Chine: l’Etat améliore son accès aux données chiffrées

Alors que de nombreux Etats s’interrogent sur la nécessaire adaptation de leur législation aux nouveaux enjeux d’Internet, le Parlement chinois a décidé de ne pas faire dans la demi-mesure en obligeant FAI et entreprises de télécommunication à décrypter les données chiffrées de leurs clients.

La Chine conçoit sa propre loi antiterroriste

A l’heure où les attentats du vendredi 13 novembre sont encore dans toutes les mémoires, de nombreux Etats ont décidé de s’intéresser à leur législation en matière de cybersécurité.

Le gouvernement chinois a, pour une fois, décidé de copier plusieurs pays occidentaux. En effet, à compter du mois de janvier, les entreprises de télécommunications comme les FAI auront l’obligation d’apporter leur soutien au gouvernement pour décrypter les contenus échangés par les clients sur leurs réseaux.

Devenues indispensables dans le cadre de la politique anti-terroriste de la Chine, ces mesures inquiètent toutefois dans l’Empire du Milieu. Plusieurs grandes entreprises spécialisées dans les nouvelles technologies n’ont pas caché leur mécontentement craignant l’impact qu’elles pourraient avoir sur leur activité.

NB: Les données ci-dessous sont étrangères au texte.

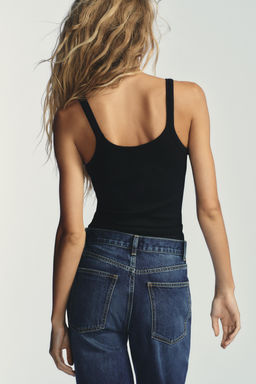 RIBBED FLORAL TOP - Zara фото 3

Il faut dire que la nouvelle législation prévoit des amendes et sanctions diverses si elles ne mettent pas tout en œuvre pour faire stopper les échanges de contenu faisant l’apologie de l’extrémisme ou du terrorisme.

Aux Etats-Unis, plusieurs sociétés ont trouvé la parade à une telle législation en n’étant plus détentrice de la clef de cryptage des données. Mais en agissant de la sorte, elles compliquent le plus souvent le travail des autorités.

Des back doors obligatoires sur tous les logiciels

Dans un premier temps, le gouvernement de Chine voulait instaurer une obligation pour tous les éditeurs de logiciels de laisser des back doors permettant aux autorités d’accéder dans les systèmes.

Les révélations d’Edward Snowden en 2013 quant à l’espionnage permanent des données par la NSA avait pourtant refroidi bon nombre de personnes de mettre en place ces back doors.

Pour autant, les experts en sécurité sont unanimes pour dire que les back doors sont une mauvaise solution pour la simple et bonne raison qu’elles sont aussi des portes d’entrée pour les hackers.